Document Type

Article

Publication Date

7-1997

Keywords

Legal positivism, Fred Schauer, Virginia Wise, Legal Positivism as Legal Information, Social science methodology, Law and morality

Disciplines

Law and Society | Legal History

Abstract

In his typically clear statement of a provocative thesis, Fred Schauer, along with his co-author, Virginia Wise, ask us to think about positivism in a new way. Their claim has two parts. First, Schauer and Wise redefine legal positivism as an empirical claim about the limited domain of information that legal decisionmakers use to make decisions. Second, they begin testing the extent to which our legal system in fact reflects this limited domain. Ironically, Schauer and Wise believe that positivism, so conceived, is "increasingly false." Thus, their two-part approach is, first, to declare that legal positivism should be conceived of as a claim about law's limited domain; second, that so conceived, our legal system is diminishingly "positivistic."

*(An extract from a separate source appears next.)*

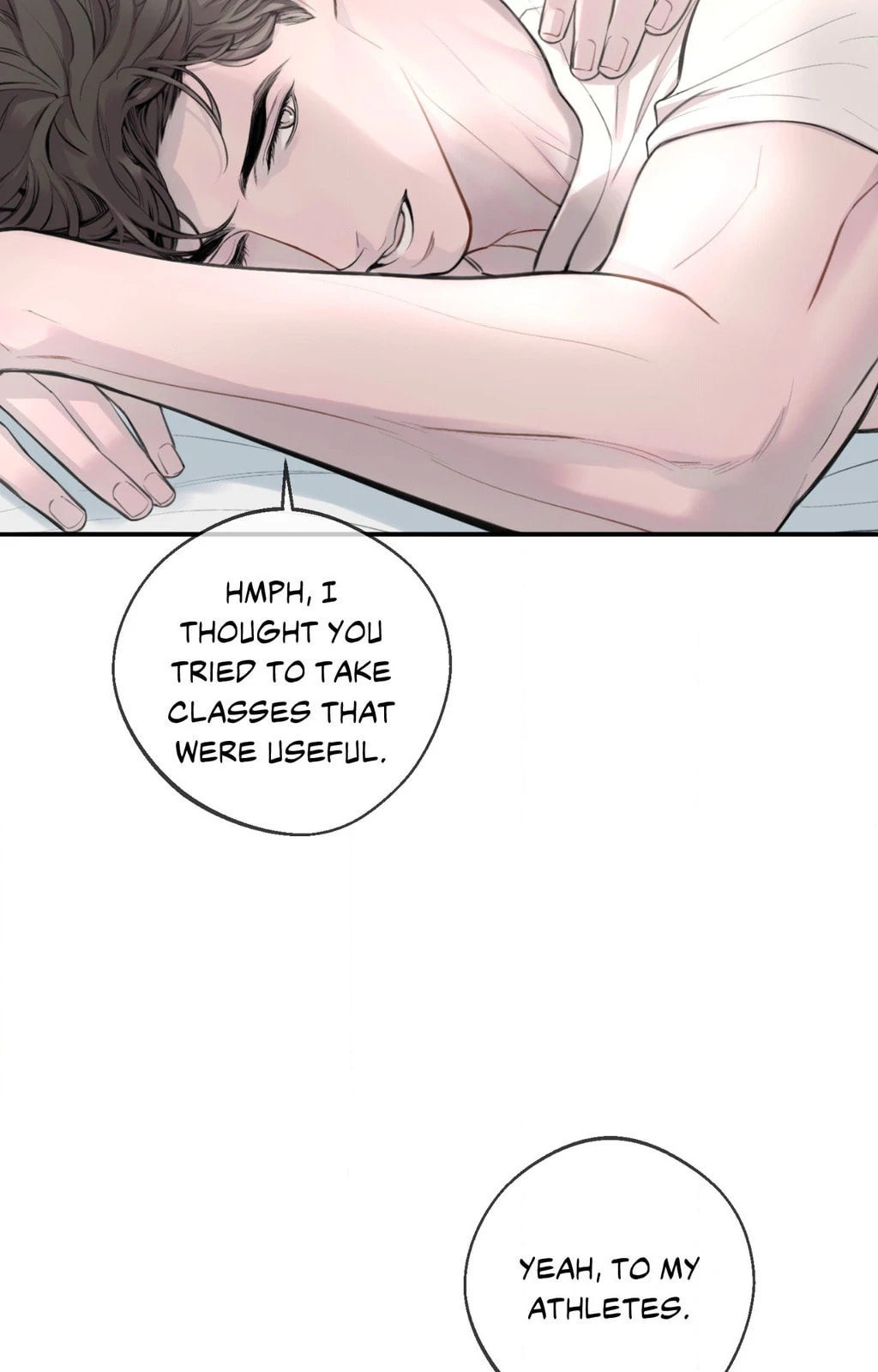 Dash Chapter 29 page 38 -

In this Article, I propose to restate and give a visual depiction of the Schauer/Wise thesis. Then, I will make a few observations on the possibilities and difficulties of testing the extent to which our legal system reflects limited-domain positivism. Finally, I will link this reformulation of legal positivism to social science methodology in general and, more particularly, to its antecedents in logical positivism.

Publication Citation

Published in: Cornell Law Review, vol. 82, no. 5 (July 1997).